Não existe projeto político nacional no País sem Lula e Bolsonaro. Poderemos ter até Haddad contra Tarcísio, por exemplo, desde que um seja o candidato de Lula e o outro, de Bolsonaro. O presidente larga em qualquer eleição nacional com 30%. Bolsonaro, com algo entre 25% a 30%, a depender das contingências. Hoje, 19% se consideram lulistas petistas e 14% de esquerda, mas não do PT. Do outro lado, 12% se dizem bolsonaristas e 20% de direita não ligada ao ex-presidente. Lula atrai os de esquerda e sai com 33%. Bolsonaro abraça a direita e chega a 32%. Resumo da ópera: sem o apoio de um dos dois, qualquer candidatura fica inviável.

O eleitorado abandonou a polarização e optou pela centro-direita de ânimo mais arrefecido?
Muitos defendem essa tese, mas não concordo com ela. Não houve arrefecimento. Foi uma ilusão provocada pela última eleição municipal. A polarização está aí; só foi escondida por uma etapa. Em 2020, o centro tradicional – PSD, MDB, PSDB e Cidadania – administravam 39% das prefeituras. Em 2024, foram para 37%. Redução irrisória. Os partidos do Centrão tinham 35% em 2020. Foram para 38% em 2024. Os dois blocos controlavam 74% das prefeituras e agora, 75%. Aumento insignificante de um por cento. A esquerda cuidava de 16% das prefeituras e agora vai governar 14%. Mas uma vez uma redução marginal. E a direita típica permaneceu com 11% das administrações. Muitos acham que houve inflexão. Negativo. Nas prefeituras sempre foi assim: esquerda e direita pequenos, centro e Centrão enormes. É o normal histórico desde sempre – e em 2024 não foi diferente.

“Bolsonaro vive o momento mais frágil de sua história política. Isso está ligado à tentativa de golpe.
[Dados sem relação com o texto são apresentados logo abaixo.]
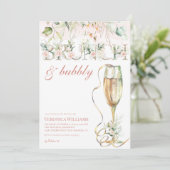 Uitnodiging voor Brunch & Bubble Bridal Shower (Staand voorkant)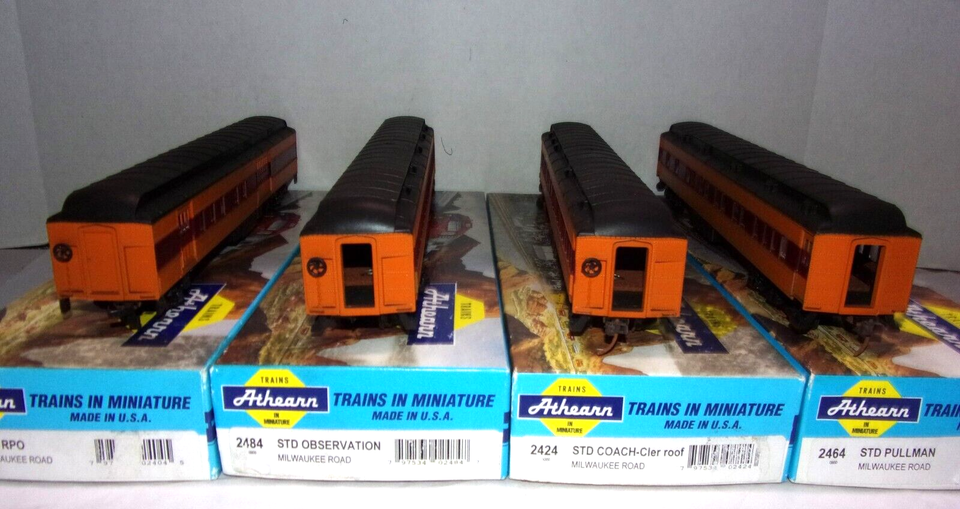 Lot of 4 Athearn HO Scale Milwaukee Road Passenger Cars in Box eBay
De acordo com a pesquisa, hoje perderia também para Haddad”. (Crédito:MATEUS BONOMI)

Nada mudou?
As eleições para o a presidência não possuem qualquer ligação com as municipais. Prefeito é cabo eleitoral de deputado e, em alguma parte, de governador, não de presidente da República. Em eleição municipal o que está em jogo, além do mandato em si, é o Congresso. Na presidencial, o que entra em campo são as identidades políticas dos eleitores. Li em ISTOÉ sobre os choques entre petistas e a cantora Jojo Todinho por ela ter apoiado o PL. Uma marca de chocolates que recentemente contratou como garoto-propaganda o empresário, influenciador digital e notório antibolsonarista Felipe Neto perdeu boa fatia de mercado no Sul do País por boicote de eleitores de direita. Em um dos principais shoppings de Florianópolis, reduto bolsonarista, o Papai Noel desta ano é branco, e não mais vermelho como o PT. Nos shows de Caetano Veloso e Maria Bethania em São Paulo, sobretudo, mas também em outras cidades, além dos aplausos e da choradeira pela beleza arrebatadora do espetáculo, o grito mais forte é: “Sem anistia!”. Petista e lulista doente, Sandra Terena pediu divórcio ao marido, o blogueiro bolsonarista Oswaldo Eustáquio, com a justificativa exclusiva da divergência ideológica irreparável. “Ele optou por defender Bolsonaro e a direita ao casamento”, explicou ela dias atrás. Eustáquio acredita ser este o primeiro divórcio por causa do ex-presidente mas certamente deve estar equivocado. Arrefecimento? A situação está apenas latente. Para que volte a florescer, será necessário um confronto nacional. Como ele só ocorrerá em dois anos, o urso está em hibernação. Mas pode escrever: infelizmente vai acordar faminto e sedento.